The key, though, is always being objective about what you actually know for certain. If you can step back and not take it personally, you can make good choices in how to hedge your implementation and thus avoid all sorts of negative outcomes. If you get it nearly right, and you’ve focused on readability, defensive coding, and all the other proactive techniques, then releasing the code will be as smooth as you can get it.

If you go the other way and churn a ball of mud, the explosion from releasing it will be bigger than the work to create it. Just as you think it is going out the door and is over, it all blows up in your face, which is not pleasant. They’ll eventually forgive you for being late if it was smooth, but most other negative variations are often fatal.

Thus, the adage “assumptions kill”, but in an industry that is built around and addicted to assumptions, you are already dead, you just don’t know it yet.

Friday, July 4, 2025

Industrial Strength

Software that continues to correctly solve a problem, no matter what chaos surrounds it, is industrial strength. It just works, it always works.

It is about reliability and expectations. The code is there when you need it and it behaves in exactly the way you knew it would.

You can be certain if you build on top of it, that it won’t let you down. There will always be problems, but the industrial-strength stuff is rarely one of them.

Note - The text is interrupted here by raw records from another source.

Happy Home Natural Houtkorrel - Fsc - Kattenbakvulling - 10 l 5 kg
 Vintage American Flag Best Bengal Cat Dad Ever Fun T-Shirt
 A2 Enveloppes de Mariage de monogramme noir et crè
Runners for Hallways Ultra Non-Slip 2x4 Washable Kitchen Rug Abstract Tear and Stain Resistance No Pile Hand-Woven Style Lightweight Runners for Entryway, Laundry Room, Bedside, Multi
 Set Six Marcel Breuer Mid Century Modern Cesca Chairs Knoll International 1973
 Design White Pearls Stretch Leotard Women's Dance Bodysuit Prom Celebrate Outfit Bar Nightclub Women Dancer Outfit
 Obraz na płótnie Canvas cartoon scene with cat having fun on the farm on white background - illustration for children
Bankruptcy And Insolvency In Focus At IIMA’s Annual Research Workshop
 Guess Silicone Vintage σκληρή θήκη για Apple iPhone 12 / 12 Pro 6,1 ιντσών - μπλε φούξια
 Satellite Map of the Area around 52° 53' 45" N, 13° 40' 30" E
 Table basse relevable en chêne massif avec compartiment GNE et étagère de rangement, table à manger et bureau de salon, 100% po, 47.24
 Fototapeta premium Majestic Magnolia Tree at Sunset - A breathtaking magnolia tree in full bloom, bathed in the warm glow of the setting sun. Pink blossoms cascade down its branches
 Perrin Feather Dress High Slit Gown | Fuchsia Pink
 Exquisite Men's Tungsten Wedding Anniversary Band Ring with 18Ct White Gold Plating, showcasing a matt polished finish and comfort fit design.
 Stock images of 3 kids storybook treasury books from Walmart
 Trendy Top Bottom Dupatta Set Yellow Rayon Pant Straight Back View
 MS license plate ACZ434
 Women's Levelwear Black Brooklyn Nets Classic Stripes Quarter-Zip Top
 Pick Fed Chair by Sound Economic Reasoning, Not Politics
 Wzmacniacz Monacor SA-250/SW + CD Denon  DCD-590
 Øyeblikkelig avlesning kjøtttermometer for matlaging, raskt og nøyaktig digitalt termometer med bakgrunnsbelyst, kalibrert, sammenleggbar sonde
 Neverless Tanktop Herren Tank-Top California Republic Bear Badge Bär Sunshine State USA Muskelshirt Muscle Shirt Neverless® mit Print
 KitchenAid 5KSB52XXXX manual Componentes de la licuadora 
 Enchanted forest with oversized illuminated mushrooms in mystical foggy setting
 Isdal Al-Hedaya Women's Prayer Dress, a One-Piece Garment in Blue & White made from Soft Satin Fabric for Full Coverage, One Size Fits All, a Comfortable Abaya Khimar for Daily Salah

If code isn’t industrial strength it is a toy. It may do something cute, it may be clever. The results could be fascinating and highly entertaining. But it is still a toy.

You don’t want to build something serious on top of toys. They break when least expected, and they’ll do strange things periodically. They inject instability into whatever you are doing and whatever you have built on top.

Only toys can be built on other toys; they’ll never be industrial strength. Something fragile that breaks often can’t be counterbalanced properly. Contained perhaps, but the toy nature remains.

Lots of people market toys as if they were industrial strength. They are not, and highly unlikely to ever be. Toys don’t “mature” into industrial strength, they just get more flaky as time goes on.

Industrial strength is a quality that has to be baked into every facet of the design right from day one. It is not accidental. You don’t discover it or blunder into it. You take the state-of-the-art deep knowledge, careful requirements, and desired properties, then you make difficult tradeoffs to balance out the competing concerns. Industrial strength is always intentional and only ever by people who really understand what it means.

There is nothing wrong with toy software, it can be instructive, fun, or entertaining. But for the things that we really depend on, we absolutely do not want toy software involved. Some problems in life are serious and need to be treated seriously.